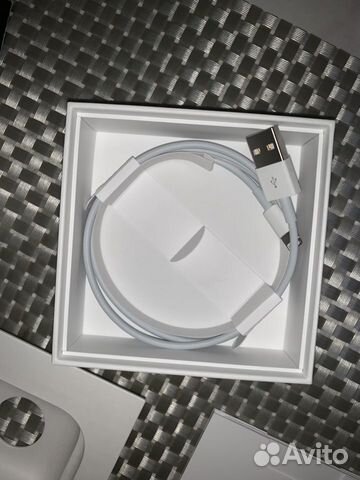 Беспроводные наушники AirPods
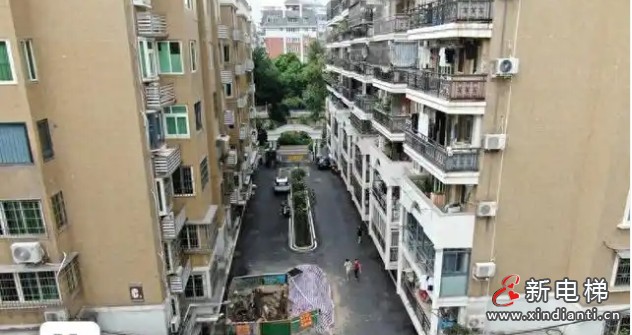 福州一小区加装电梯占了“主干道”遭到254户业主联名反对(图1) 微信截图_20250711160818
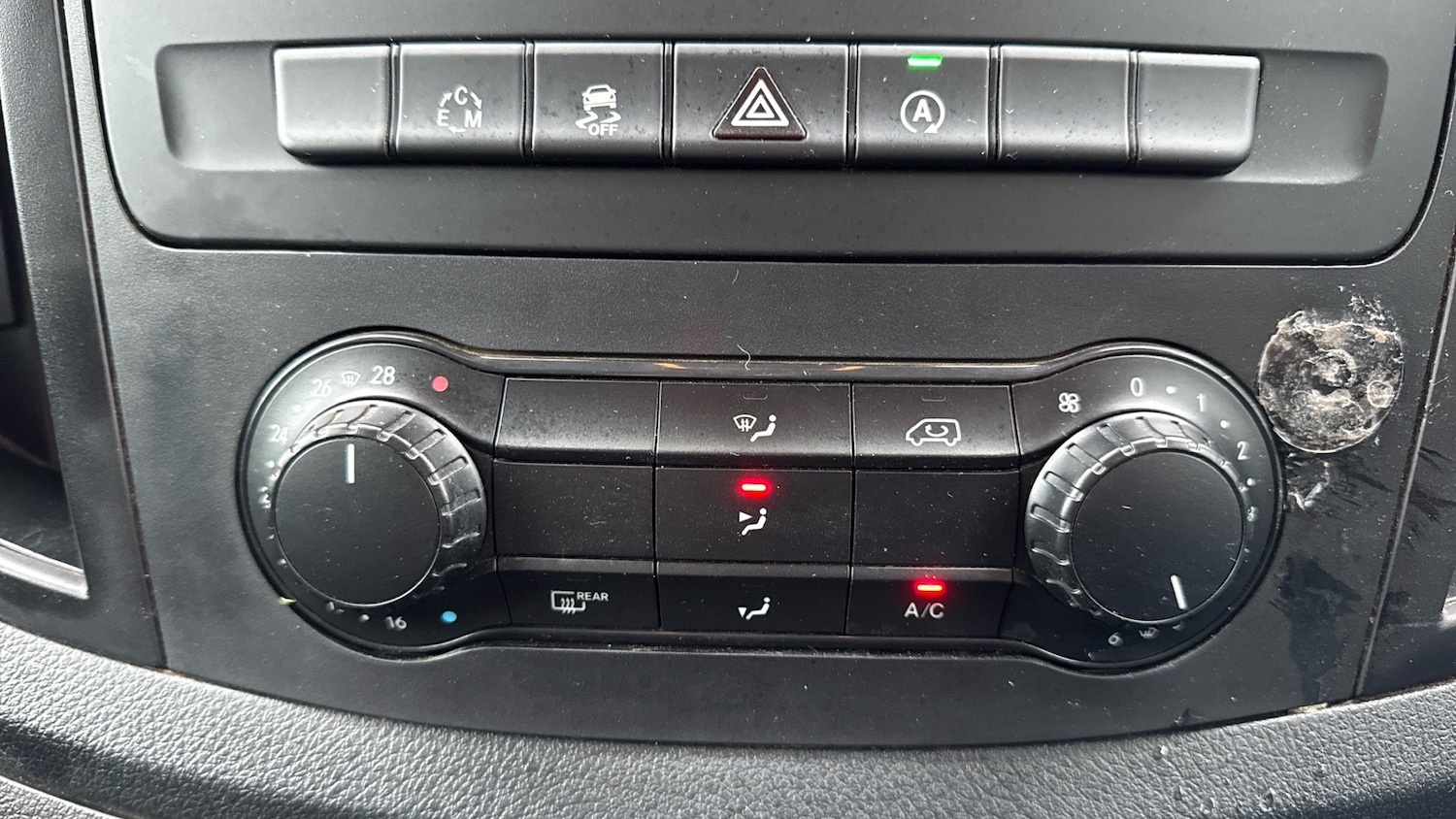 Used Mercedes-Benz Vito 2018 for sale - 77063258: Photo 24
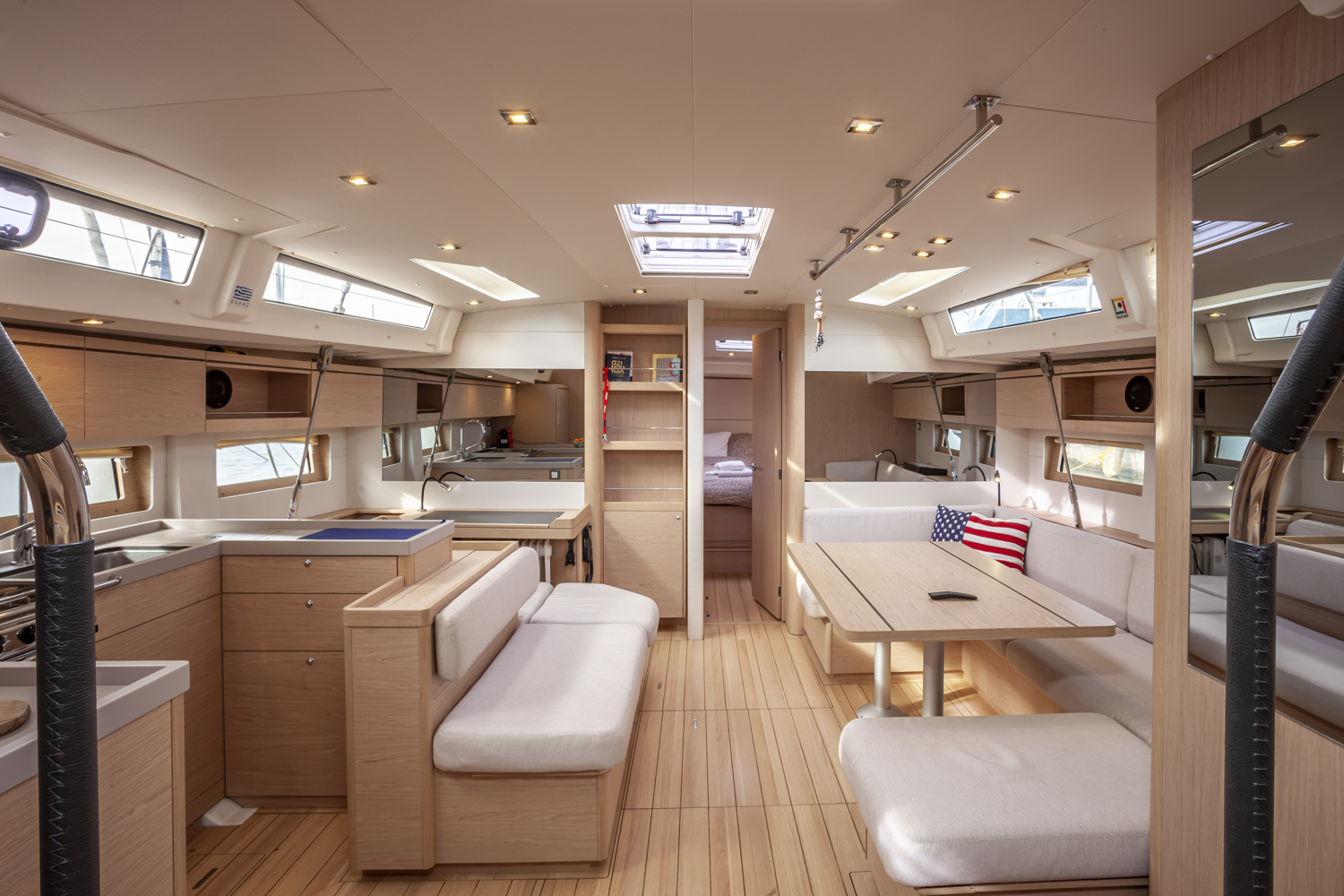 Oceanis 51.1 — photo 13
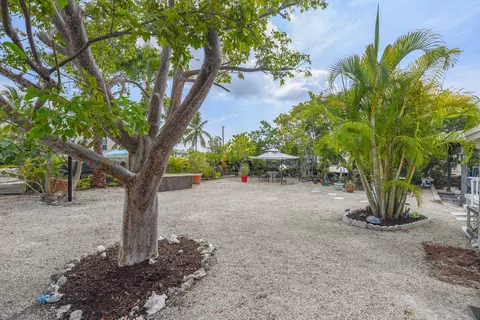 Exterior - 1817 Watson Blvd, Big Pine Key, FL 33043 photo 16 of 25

■ Directions for this task:
Repeat the line containing "Used Mercedes-Benz Vito" and every line after it up to the end of the material above, exactly as they stand, minus the pictures.

■ Your solution:
 Used Mercedes-Benz Vito 2018 for sale - 77063258: Photo 24
 Oceanis 51.1 — photo 13
 Exterior - 1817 Watson Blvd, Big Pine Key, FL 33043 photo 16 of 25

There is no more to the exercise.